Parallelism

SPIRES leverages two levels of parallelism to accelerate reservoir simulation and training: OpenMP for neuron-level updates and BLAS/LAPACK for linear algebra operations. Understanding how these interact — and how to configure them — is important for achieving good performance, especially on multi-core systems.

OpenMP: Neuron Updates

The most computationally intensive part of reservoir simulation is updating the membrane potential of every neuron at each time step.
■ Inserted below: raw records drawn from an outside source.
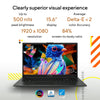 ASUS Vivobook Go 15 OLED (2023), AMD Ryzen 5 7520U, Thin and Light Laptop, 15.6" (39.62 cms) FHD OLED, (16GB RAM /512GB SSD/Windows 11/Office 2021/Backlit KB/Black/1.63 kg), E1504FA-LK545WS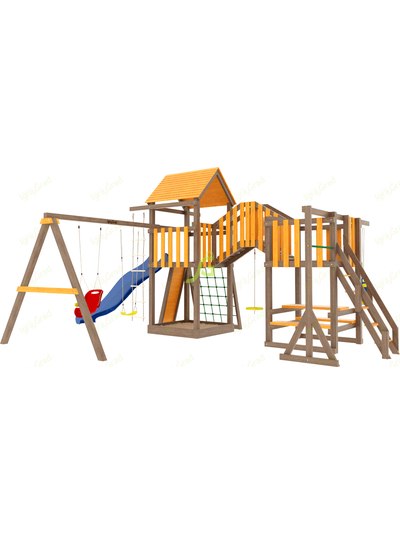 Детская площадка IgraGrad Панда Фани Мостик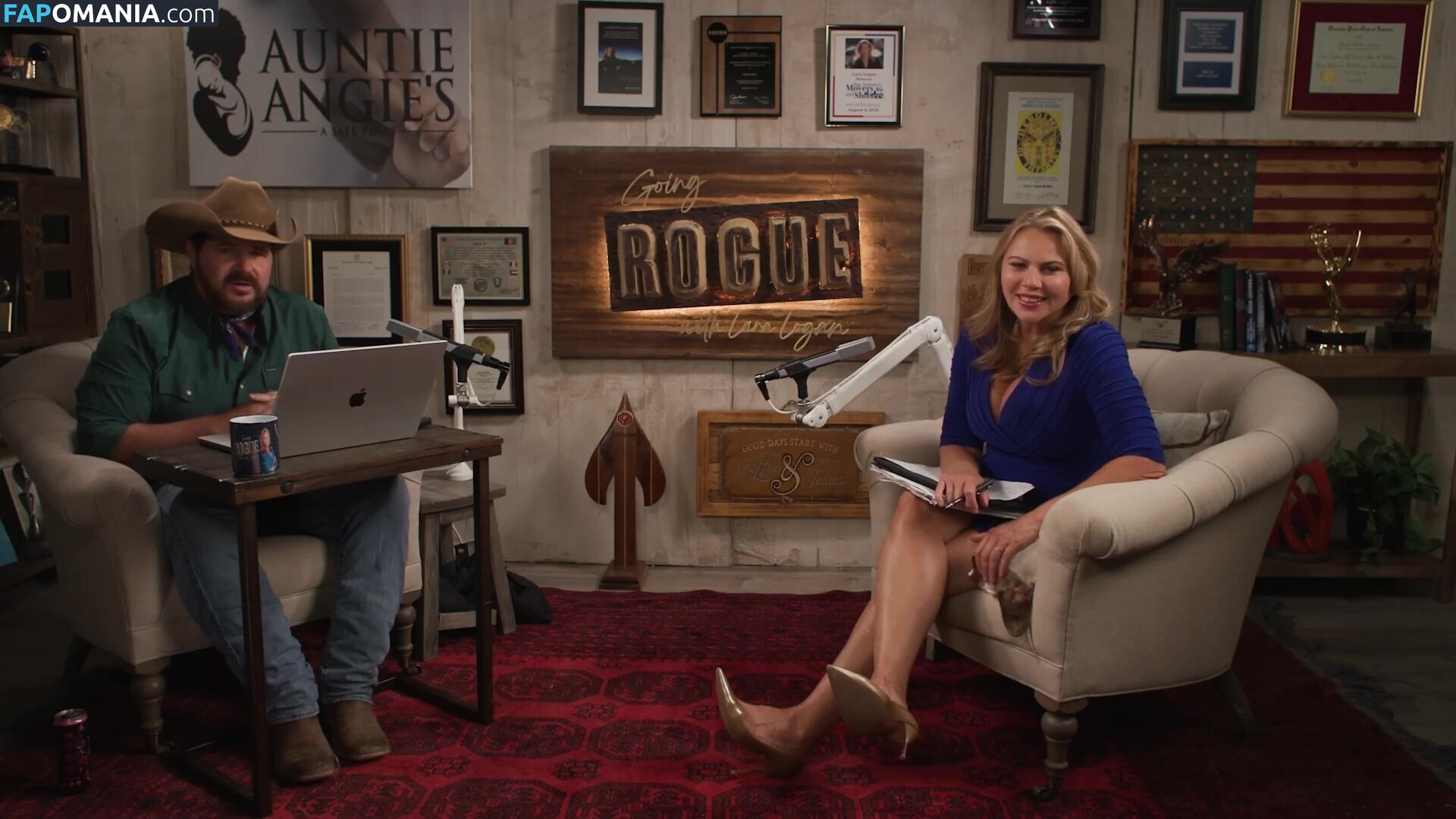 Lara Logan / lara_j_logan Nude OnlyFans  Leaked Photo #6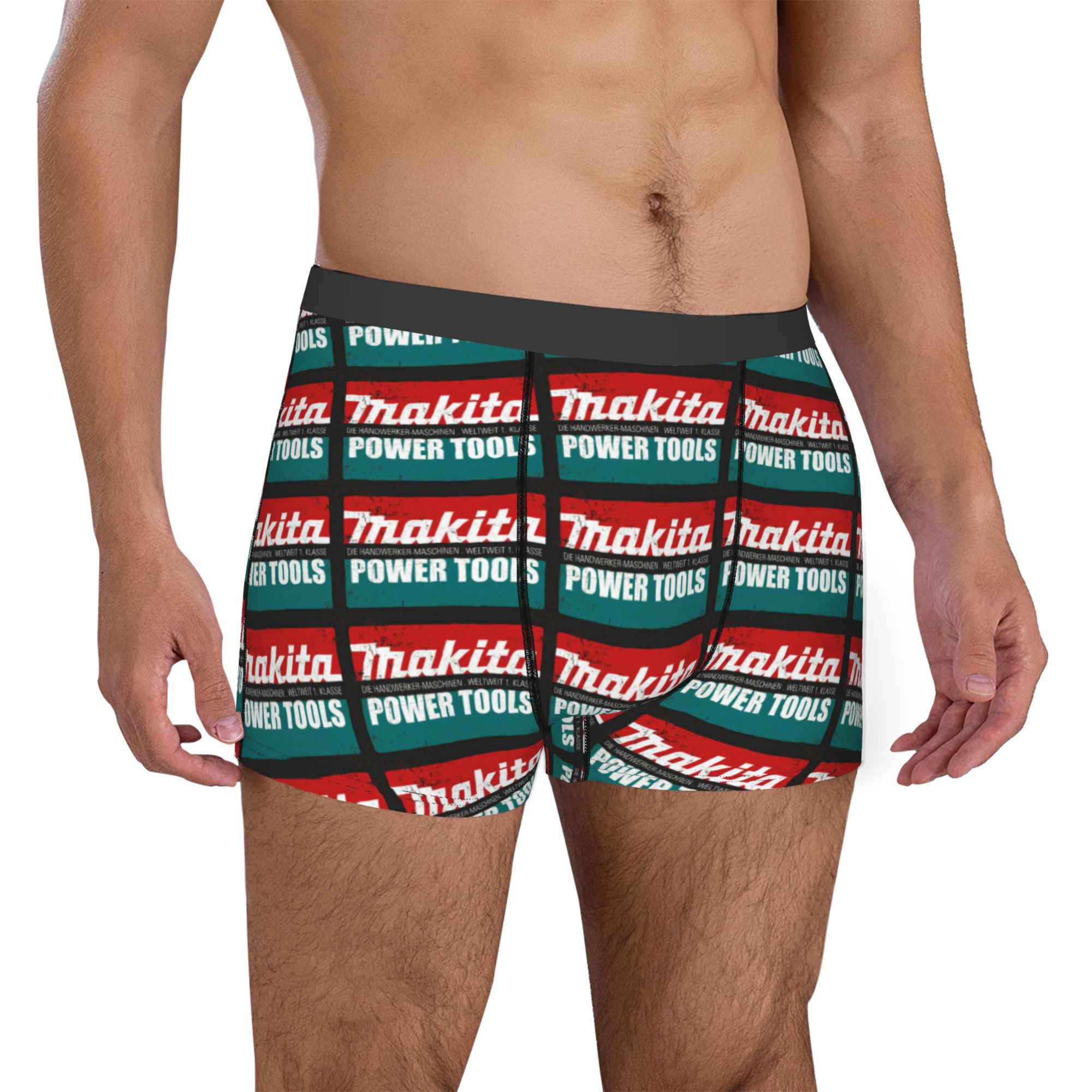 Male Novelty Vintage Makita Po - Boxer Shorts Modal 评论和价格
For fractional neurons with history length $L$ , each neuron requires an $O(L)$ dot product over its voltage history. With $N$ neurons, the total per-step cost is $O(N \cdot L)$ .
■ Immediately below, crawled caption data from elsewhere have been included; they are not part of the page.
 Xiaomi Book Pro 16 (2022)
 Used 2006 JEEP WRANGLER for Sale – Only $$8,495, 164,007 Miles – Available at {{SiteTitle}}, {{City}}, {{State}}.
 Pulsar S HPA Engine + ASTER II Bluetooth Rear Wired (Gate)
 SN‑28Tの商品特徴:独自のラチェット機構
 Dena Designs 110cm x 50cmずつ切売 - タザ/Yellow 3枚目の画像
SPIRES parallelizes the outer loop over neurons using OpenMP:


/* Simplified pseudocode of the internal update loop */
#pragma omp parallel for schedule(dynamic)
for (int i = 0; i < num_neurons; i++) {
    /* Compute synaptic input for neuron i */
    /* Compute history sum (GL coefficients dot voltage history) */
    /* Update membrane potential */
    /* Check threshold and reset */
}

Each neuron’s update is independent of other neurons at the same time step (they depend on the previous time step’s states, which are fixed). This makes the parallelization embarrassingly parallel with no synchronization overhead.

When OpenMP Helps

OpenMP parallelism is most beneficial when:

Fractional neurons are used (the $O(L)$ history sum dominates).
Large reservoirs are used ( $N > 200$ ).
Multiple cores are available (2+ physical cores).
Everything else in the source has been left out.